Ça c'est Sam. Toujours un peu décalé, mais quand il propose ses rythmes il est toujours au taquet.
-En attendant tout le monde est en train d'esquiver le fait que votre texte là, il est super country et je vois pas ce que vous avez contre le...
Et là, c'était Zahid et ses idées toujours un peu déphasées pour un groupe de métal comme le nôtre. Ceci dit, il fallait admettre que ses idées ont parfois du bon. Aujourd'hui, je sais pas. J'y réfléchis pas.
-Franchement je vois pas ce que vous avez contre la pop, parfois j'ai l'impression que vous êtes limite un peu méprisants et...
Je me laisse porter par le flot de paroles agitées, la petite voix de Mia perçant à peine dans le chaos ambiant de notre petit salon enfumé. Zahid enchaîne avec ses grands gestes de bras caractéristiques, sa façon bizarre de prendre de la place, un peu tordu, un peu perdu, comme s'iel ne savait jamais positionner son corps pour appuyer ses paroles. Pourtant, pour nous, ça commence à faire sens. Et quand iel danse, iel est si naturel.le. Si puissant.e.

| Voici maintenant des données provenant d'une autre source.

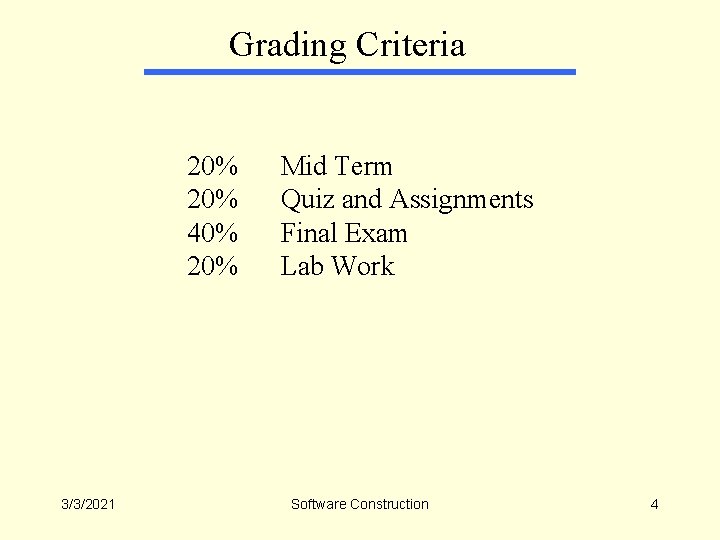 Grading Criteria 20% 40% 20% 3/3/2021 Mid Term Quiz and Assignments Final Exam Lab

-On est pas méprisants, je fais presque tous mes drag-show sur du Britney, c'est juste que...
La voix grave de Nora interrompt les débats agités qui prenaient place dans le salon étroit et enfumé où nous nous étions retrouvés pour discuter.
-Et si on essayait de composer plutôt que de se prendre la tête sur des questions théoriques ?

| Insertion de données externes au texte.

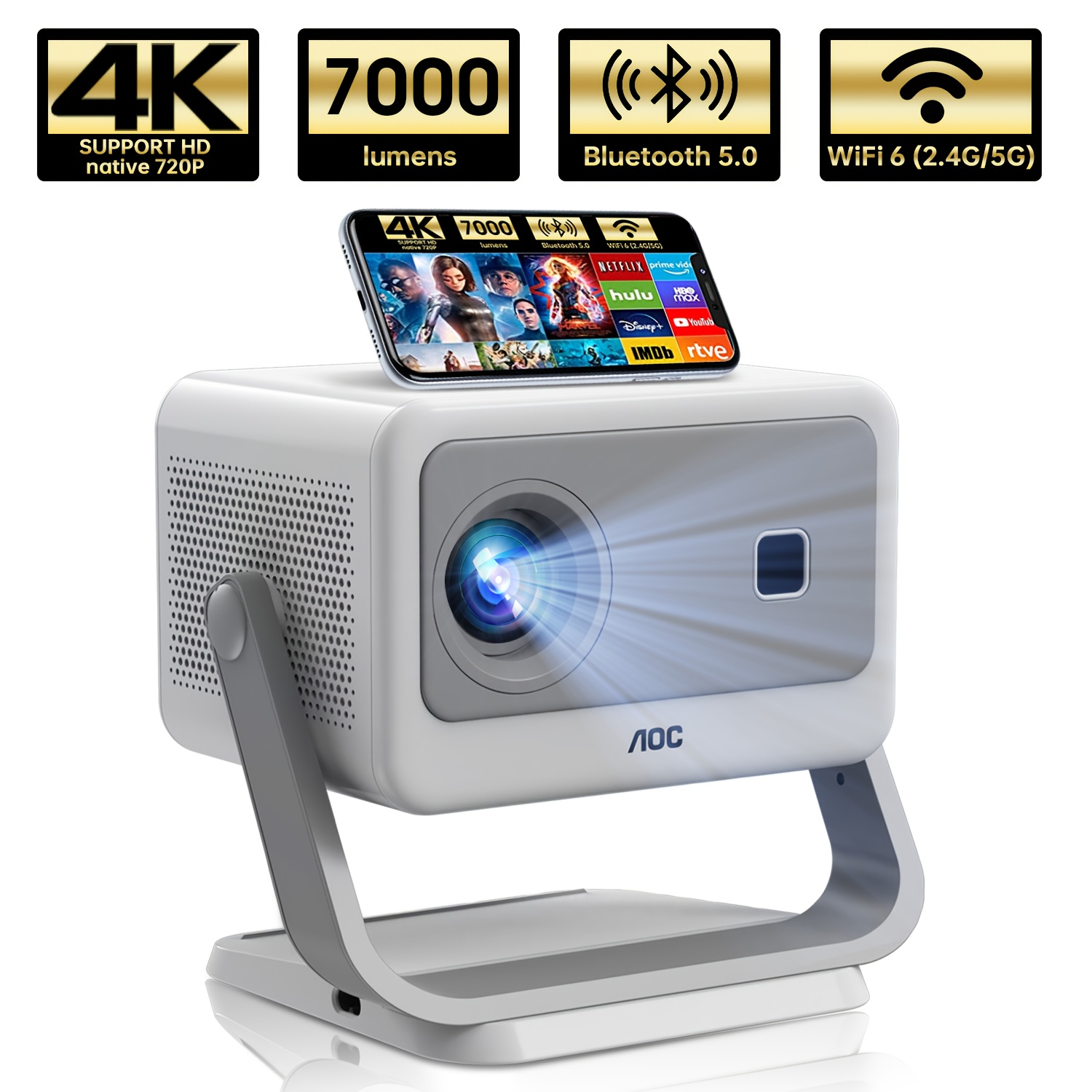   smart 4k home theater projector with   11, local storage, 4k wifi & bluetooth, auto vertical  , supports 4k and native 1080p, 130° rotatable short throw, portable movie projection for phone  , gaming &   use 0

-C'est pas ça, justement je voulais vous montrer un air que... Commence à nouveau Zahid, en agitant sa partition pleine de dessins de cow-boy et de vieux modèles de revolver.

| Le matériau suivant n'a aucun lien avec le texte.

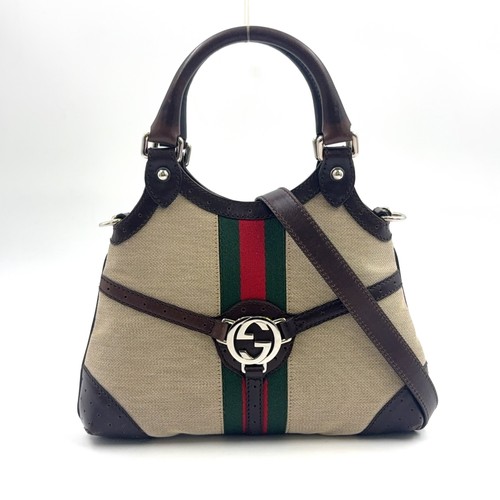 GUCCI Interlocking G 2-Way Handbag Dark brown beige Leather Canvas 114873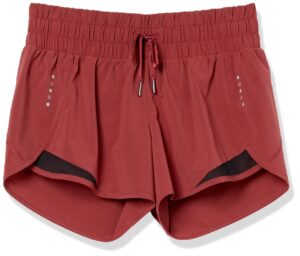 amazon essentials women's standard-fit ruched waistband woven running short (previously core 10), ruby red, medium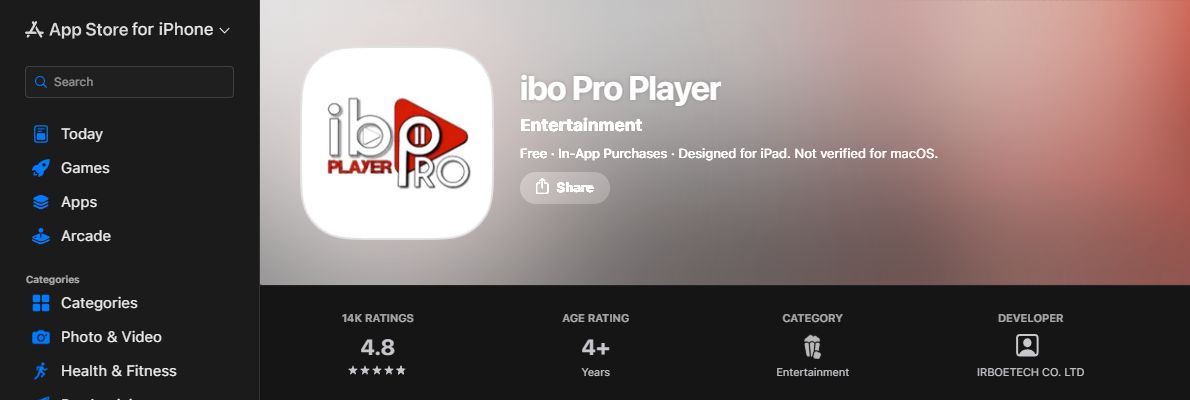 ibo Pro Player Apple listing and IRBOETECH publisher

-On va le tester, l'interrompt Nora en se massant les tempes.
Elle est vite dépassée, Nora, quand le volume monte et que les conversations s'entremêlent. Hormis celle de Sam, qui profite du silence tranquille qui s'installe pour mettre un morceau de son groupe de métal expérimental en douce sur l'enceinte de Mia.
-On teste l'air de Zahid, Sam tu t'amuses à la batterie, destructure autant que tu veux, Mia j'adore la pop autant que toi, et Aken... T'es avec nous, Aken ?
Je suis avec eux. Je le leur signale avec un petit sourire assuré et un geste de la main. Un petit rire échappe à Sam, et se répand vite dans l'assemblée.
-Ouais. Tu nous rejoins quand tu reviens hein, me dit Zahid avec un petit clin d'œil.
La tête perdue dans l'univers, je lève mes deux pouces en l'air et me laisse tomber sur le flanc d'Andromède, la chienne bâtarde de Zahid et Mia. Elle sursaute, lèche mon nez en représailles et se rallonge paisiblement sous les caresses fermes de Sam, assis à côté de moi dans le canapé. Les spaces cookies de Mia font leur effet, et la fumée de cannabis répandue dans la pièce rend l'univers plus doux et effacé, moins brutal pour mes sens. Les fenêtres grandes ouvertes laissent lentement s'échapper des volutes épaisses de fumée ; la lueur d'un réverbère, dans la rue, retombe sur le profil de Sam, découpant son visage mince en petites mosaïques de peau blanche et de tâches de rousseur. Il sourit en me regardant, de son petit sourire en coin un peu crispé habituel ; et pendant un instant, c'est comme si le monde s’était condensé en lui, pour lui. J'aurais aimé pouvoir, pendant ce bref instant de connexion où il semblait si proche, lui transmettre toute la tendresse que j'ai pour lui, lui partager cette vision, qu'il se voit par mes yeux ; mais une fraction de seconde plus tard, il s'était volatilisé, s'installant en un geste souple derrière sa batterie. L'air n'a pas encore commencé qu'il commence à jouer avec ses baguettes, les faisant tourner et sauter entre ses doigts ; et doucement, à la basse, dans des accords encore un peu hésitants, Zahid entame une mélodie mélancolique.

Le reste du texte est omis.